Two gardeners, Mike, a big Irishman and Freddy, a local fellow, took care of the grounds and the vegetable garden.  Mike lived in the upper part of the barn and Freddy had a room at the other house.  Mary Stanton ruled the spacious kitchen, with its black cast iron 3 oven built in coal stove that also warmed the kitchen and 3 pantries.  Every morning in winter Freddy brought a hod full of coal up from the cellar and started the kitchen fire.

 

I must have missed my mother.  She was a loving mother and I believed she had a beautiful face.  I think I dreamed of her face.   My aunt was gentle and affectionate, and my memories of my first year with her are all happy.  Clare was like my father, a little removed, her attention often in some other place.  From time to time my elegant grandmother was in residence along with my father’s brother, Dickie, a failed opera singer, and my uncle Bart’s sister, Ruth, a cheerful, hearty spinster who was devoted to my grandmother.

 

It was an extended family and I was the only child.  I listened to the grown-ups talk and was sure that I would never learn to talk like that.  I know now that they were discussing things like art, music and politics.  It sounded like a wonderful foreign language to me, and sometimes it actually was, since they often spoke in French or Italian. 

 

When I was 4 years old Ben dumped my mother and my father rescued her from Chicago after she made an unconvincing suicide attempt.
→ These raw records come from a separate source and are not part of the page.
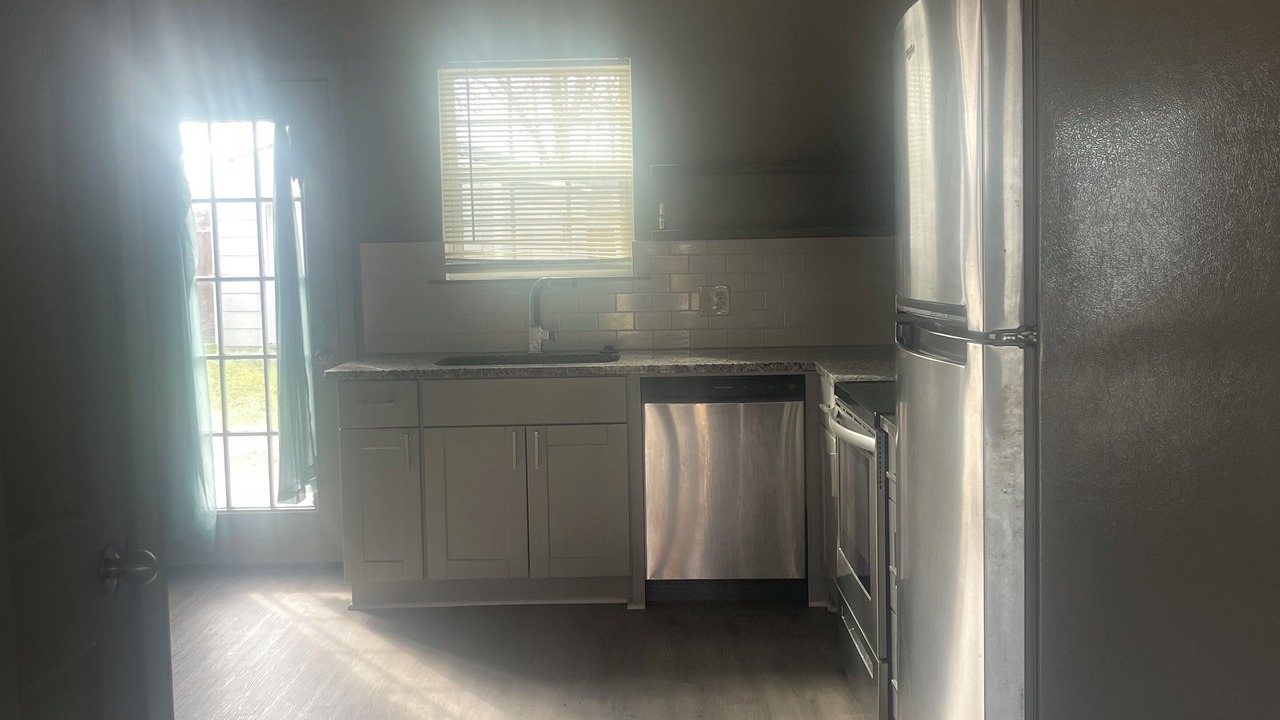 Photo of Kitchen in Cedar Hill
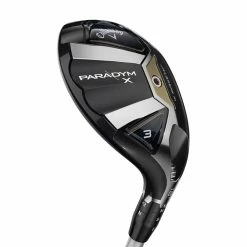 Callaway Paradym X Right Hand Womens Hybrid -Best Golf Clubs Shop 27417 4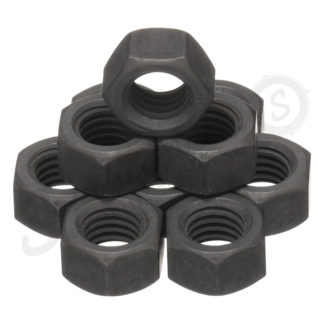 Shear Bolt – 1/2-13 Grade 8 PHC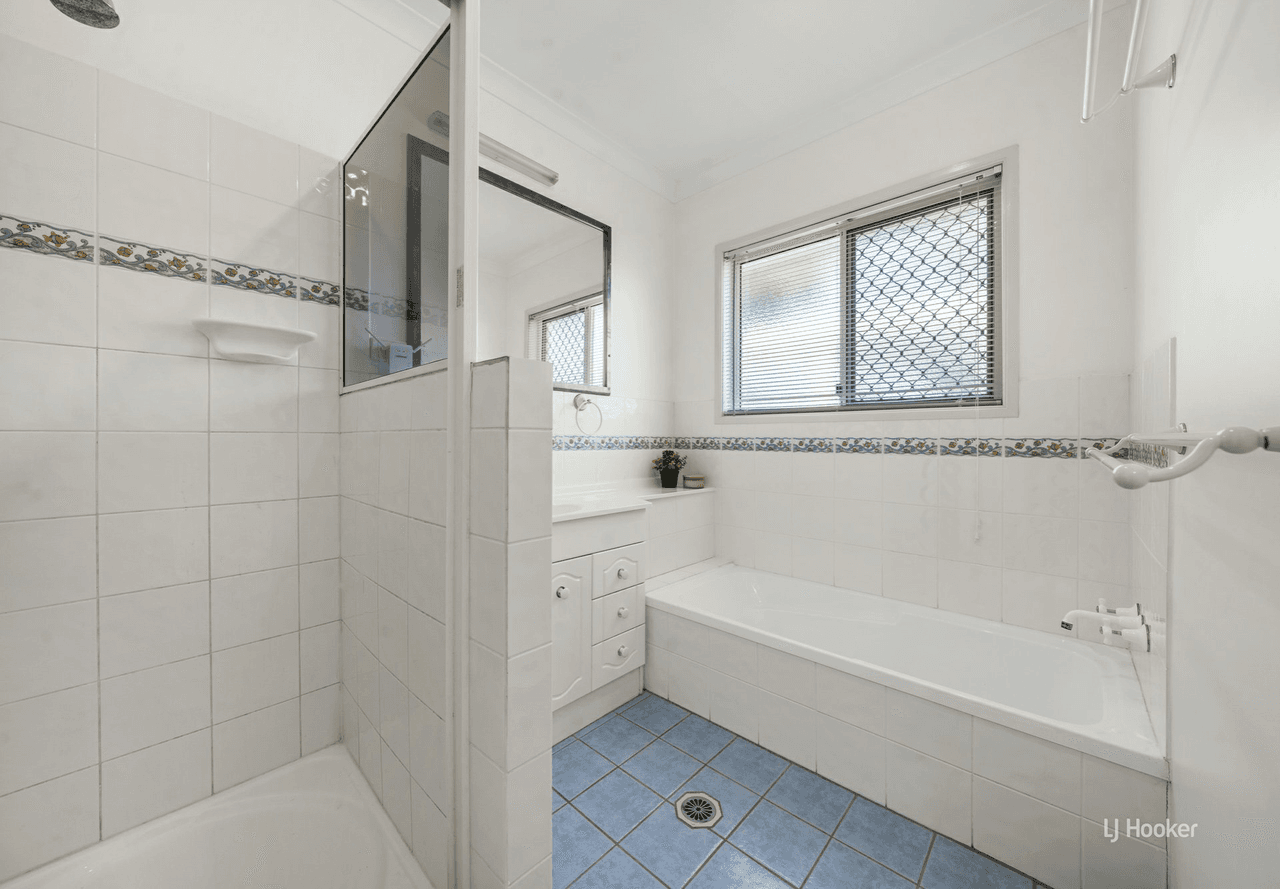 13 Alexandra Street, TOOGOOLAWAH, QLD 4313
A few months later I was taken back to Washington to live with them. 

 

My parents stayed together another 4 years.  During that time I spent summers with my aunt Clare, mostly in Andover, some of the time in Maine in rented summer places, and one summer, just before the war, in Italy at my Grandmother’s Villa on the Riviera.

 

I was 6, in 1938, when I spent the summer in Italy.  We often went swimming at the beautiful beach.  The grown-ups dressed for dinner which was after my bed time.  They had cocktails on the veranda, and I watched from the balcony outside by bedroom.  The ladies had chiffon dresses that floated in the breeze.

 

 I often listened to them talk about the coming danger of war. Though I didn’t understand, I was afraid when soldiers boarded the train we took across Europe to the ocean liner, the Normandy, which we traveled home on.

 

I was 8 when my mother came to Andover at the end of the summer to collect me.  We went for a walk in sunny fields.  She said that she and Daddy had fallen out of love and that she was now married to another man, called Carroll.  I cried.  Mother told me later that I said, “Only stupid people get divorced.”

 

Soon after that my father remarried.  His new wife’s name was Edythe.   Edythe was the daughter of a German immigrant who had a dry goods store in the Bronx.  She was a teacher at the National Cathedral School in Washington, DC.  She had positive ideas about the correct way to do or think about almost everything. She disapproved of almost everything about me.

 

After 2 years of shuttling back and forth between mother and step-father and father and step-mother I asked to be allowed to go back to my aunt Clare in Andover for good.  I think everyone was relieved to let that happen.

 

This short account of my first 10 years may sound hard in some ways, in others uniquely privileged.  Children are resilient, and I believe my childhood was happy.  My mother and my aunt loved me, and although my stepmother did not, my father was my defender, and he taught me a lot about the world and how to enjoy it.

 

 

This entry was posted in Memoir. Bookmark the permalink.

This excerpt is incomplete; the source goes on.